WHAT THIS TASK INVOLVES - All of the data below must be repeated exactly.

RECORDS FOR THE EXERCISE -

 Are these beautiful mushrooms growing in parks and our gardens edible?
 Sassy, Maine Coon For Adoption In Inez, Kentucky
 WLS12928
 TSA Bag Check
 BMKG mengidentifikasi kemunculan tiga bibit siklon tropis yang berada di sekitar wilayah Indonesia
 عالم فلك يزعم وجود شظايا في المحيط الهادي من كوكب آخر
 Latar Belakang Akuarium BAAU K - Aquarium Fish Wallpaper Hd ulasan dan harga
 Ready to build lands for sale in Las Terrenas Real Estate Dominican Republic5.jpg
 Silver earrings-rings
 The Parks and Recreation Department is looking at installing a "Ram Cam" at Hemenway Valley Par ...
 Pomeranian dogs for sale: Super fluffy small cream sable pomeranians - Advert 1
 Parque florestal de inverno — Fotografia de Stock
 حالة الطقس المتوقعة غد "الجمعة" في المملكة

SOLUTION BELOW -
 Are these beautiful mushrooms growing in parks and our gardens edible?
 Sassy, Maine Coon For Adoption In Inez, Kentucky
 WLS12928
 TSA Bag Check
 BMKG mengidentifikasi kemunculan tiga bibit siklon tropis yang berada di sekitar wilayah Indonesia
 عالم فلك يزعم وجود شظايا في المحيط الهادي من كوكب آخر
 Latar Belakang Akuarium BAAU K - Aquarium Fish Wallpaper Hd ulasan dan harga
 Ready to build lands for sale in Las Terrenas Real Estate Dominican Republic5.jpg
 Silver earrings-rings
 The Parks and Recreation Department is looking at installing a "Ram Cam" at Hemenway Valley Par ...
 Pomeranian dogs for sale: Super fluffy small cream sable pomeranians - Advert 1
 Parque florestal de inverno — Fotografia de Stock
 حالة الطقس المتوقعة غد "الجمعة" في المملكة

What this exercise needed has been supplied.